“Il bail-in? In Italia ha creato più problemi che benefici”

ROMA. “La nuova direttiva sui salvataggi bancari, il bail-in, in Italia sta portando più danni che benefici. E’ nata per mettere a riparo i contribuenti dal costo delle crisi delle banche, dopo che Inghilterra, Francia e Germania, avevano speso montagne di denaro pubblico per salvarle. Oggi vediamo che i contribuenti ci rimettono soldi, i risparmiatori hanno perso tutto e il sistema finanziario è indebolito.

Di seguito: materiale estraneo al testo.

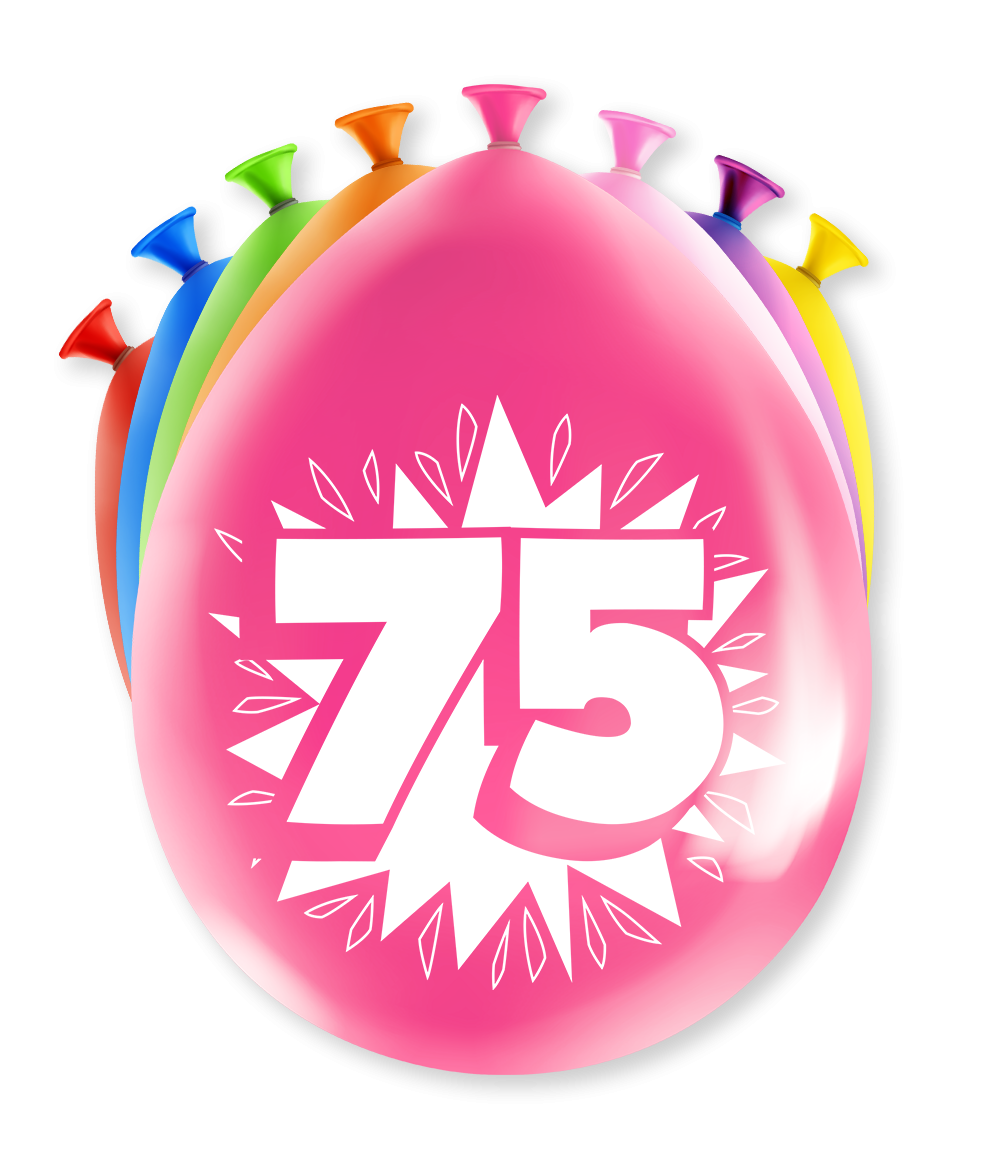 Ballonnen 75 Jaar Party 30CM (8ST)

E questo” dice Carlotta de Franceschi, fondatrice del centro Action Institute, docente alla Columbia, un passato nelle grandi banche d’affari, ed ex consigliere economico di Matteo Renzi, “è un tema politico”.
Smontiamo il bail-in, mai applicato da quando esiste?
“O facciamo la bad bank, fissando a priori le condizioni per l’intervento pubblico”
Ce l’hanno già negata.
“Non so se avevamo la forza per negoziare, allora. La direttiva era una rivoluzione copernicana, dovevamo chiedere un periodo transitorio per l’applicazione, e la bad bank. Siamo stati tutti colti alla sprovvista, risparmiatori, contribuenti, i giornali. Bisogna tornare dalla Commissione Ue. L’obiettivo della direttiva non è indebolire il sistema o colpire i piccoli risparmiatori”.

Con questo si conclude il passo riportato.